Alabaster Education Association awards $4,000 in scholarships
By NEAL WAGNER / Managing Editor
ALABASTER – Several Alabaster students and teachers earned thousands of dollars in scholarships from the Alabaster City Education Foundation during the organization’s year-end banquet at Thompson High School on April 25.
Each year, the ACEA, which is a local affiliate of the Alabama Education Association, awards several scholarships to teachers and high school seniors who are continuing their education.
To qualify for the essay-based scholarships, applicants must be members of ACEA or the dependent of an ACEA member.
ACEA has been presenting the scholarships since forming in 2013 alongside the Alabaster City School System.

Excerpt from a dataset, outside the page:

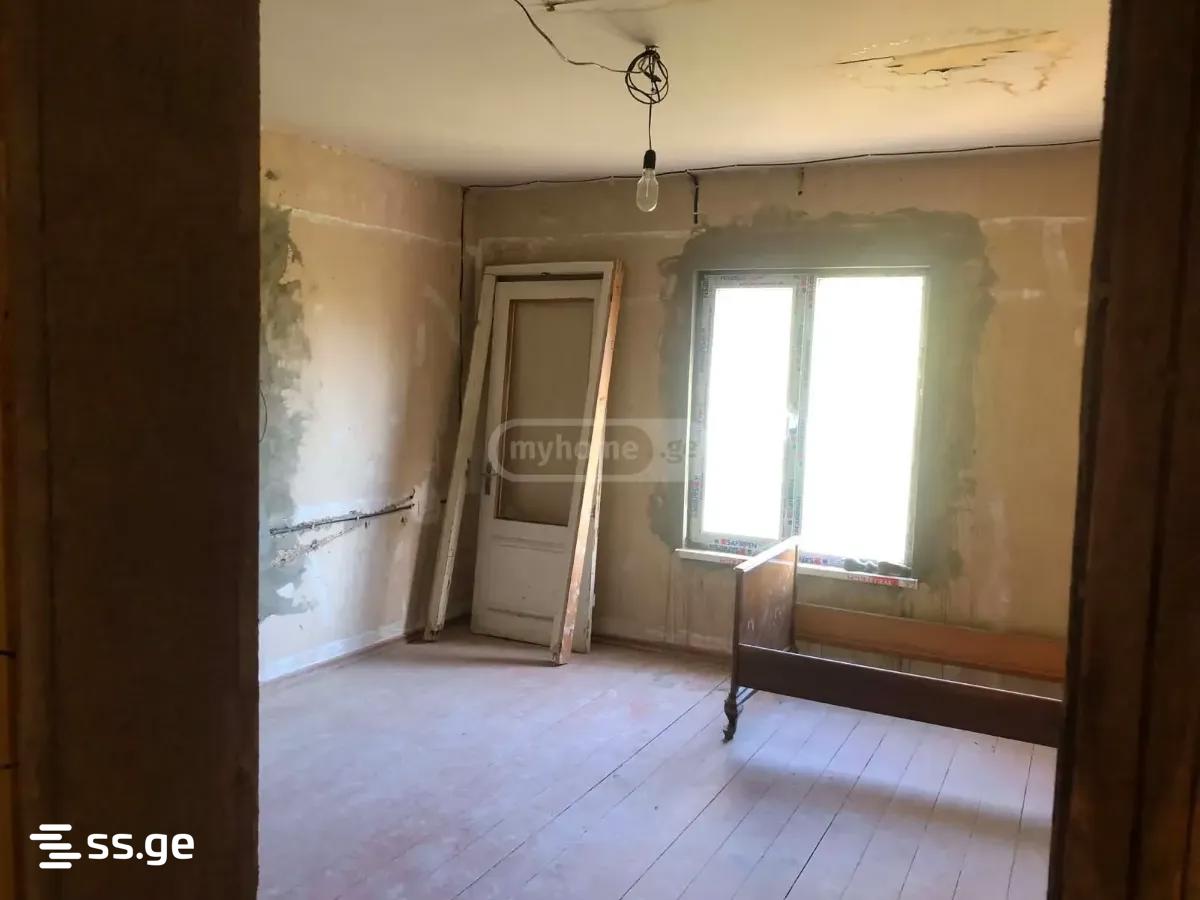 4 Room Private House For Sale view 6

During the banquet, the Association presented $1,000 checks to Thompson High School special education teacher Cheryl Flaucher and Creek View Elementary School second-grade teacher Stephanie Cochran. THS seniors Leah Warman, daughter of THS Assistant Principal Drew Warman, and Jackson Thomas Holdbrooks, daughter of THS teacher Michelle Holdbrooks, also received $1,000 scholarships apiece.
The banquet also served to recognize ACEA members who are retiring at the end of this school year: Thompson High School employees Drew Warman, Junior ROTC Sgt. Dee Terrell and Melanie Moore, Thompson Middle School teacher Ruth Ettinger and Creek View Elementary School teacher Donna Martin.

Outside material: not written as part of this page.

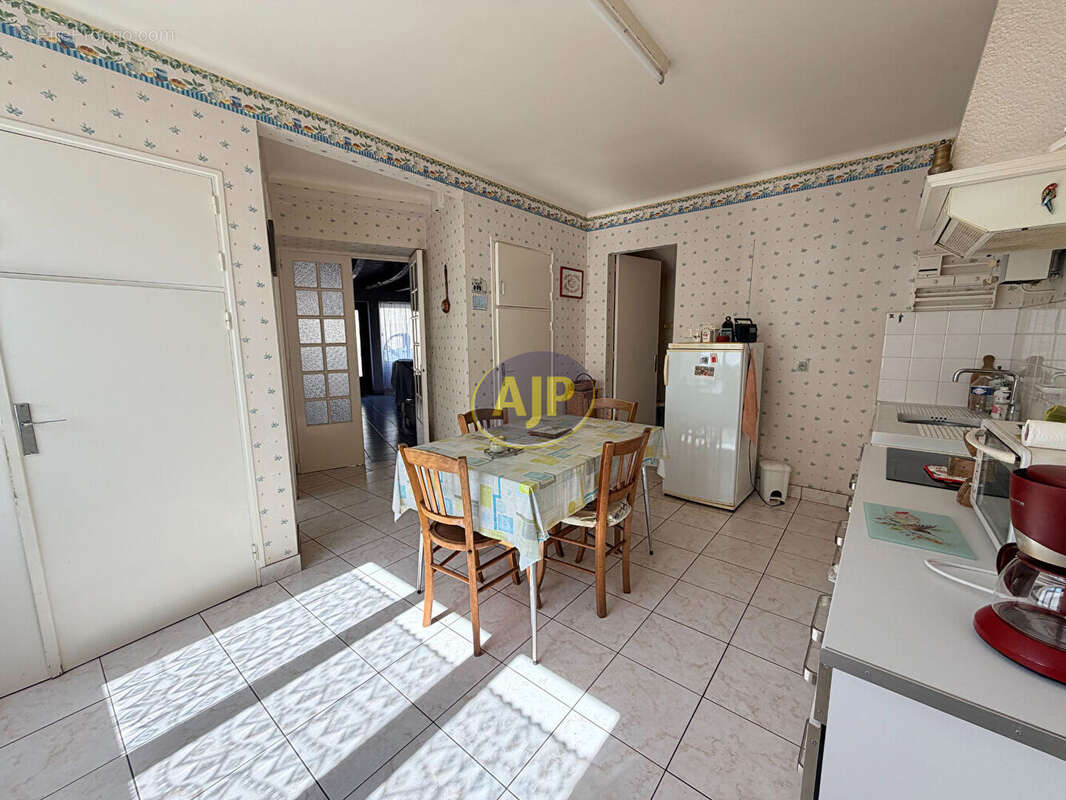Maison à GUEMENE-PENFAO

ACEA leaders also recognized the school system’s teachers of the year, all of who are ACEA members: Debbie DeCroes from THS, Ron Munday from TMS, Amber Willis from Thompson Sixth Grade Center, Matt Wilson from Thompson Intermediate School, Lindsey Thigpen from Meadow View Elementary School and Stephanie Cochran from CVES.

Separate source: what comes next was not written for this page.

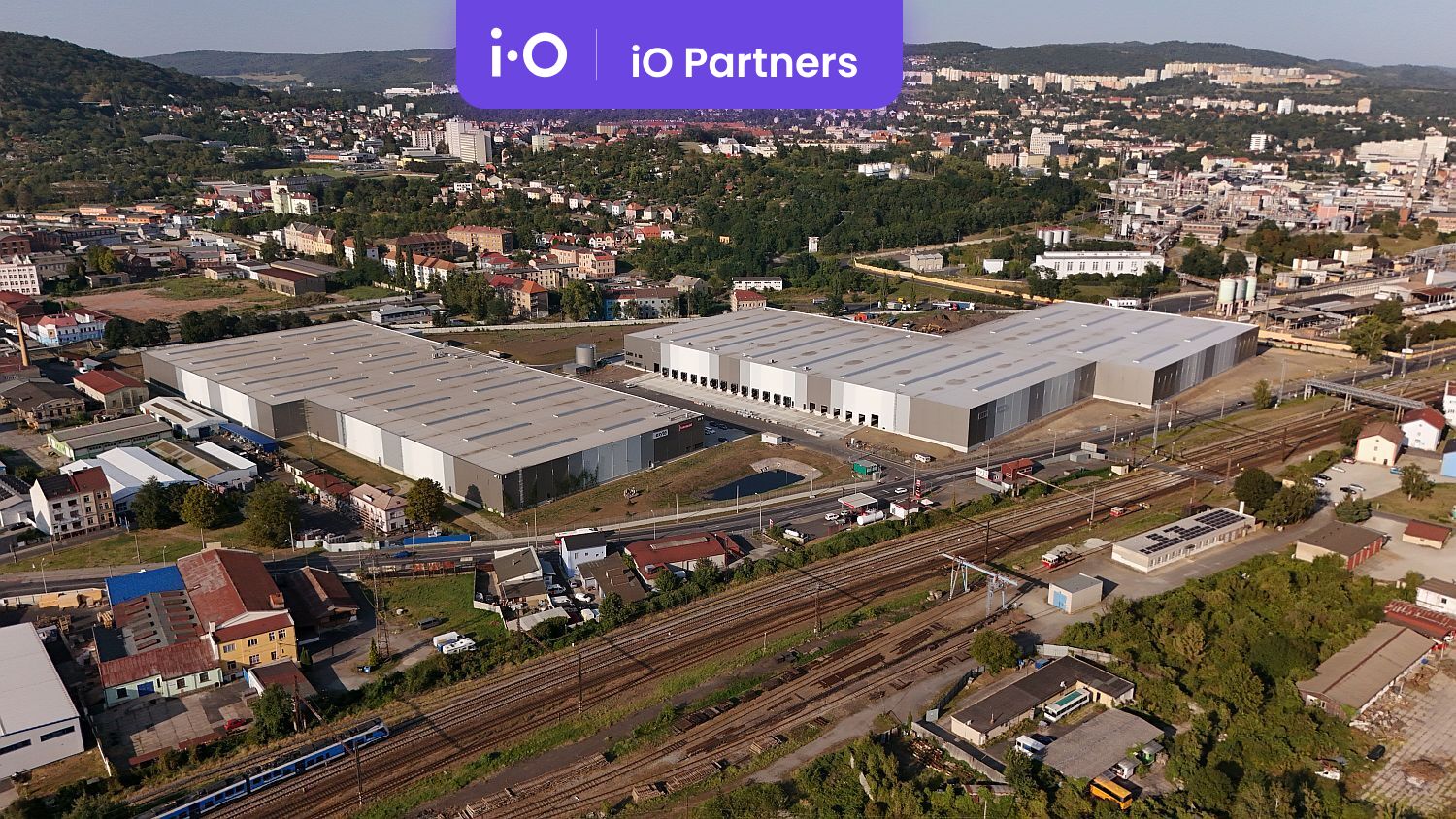 Pronájem - výrobně/ skladovací prostor, 4000 m² - 18757 m²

Before the awards, the ACEA heard from Montgomery-based education blogger Larry Lee, who encouraged the teachers and retirees to take an active role in determining the future of the state’s public school systems.
“I truly believe that those who have spent their lives in education are doing the good Lord’s work,” Lee said. “A lot of the folks in Montgomery who make laws just can’t relate to that. If I was the czar of Alabama, I would make it a requirement for every legislator to be a teacher’s aide in a high-poverty classroom.
“Nobody is serving as the voice of education in Alabama,” he added. “Be that voice. Our public education system is under attack, and we need you more than we ever have in the past.”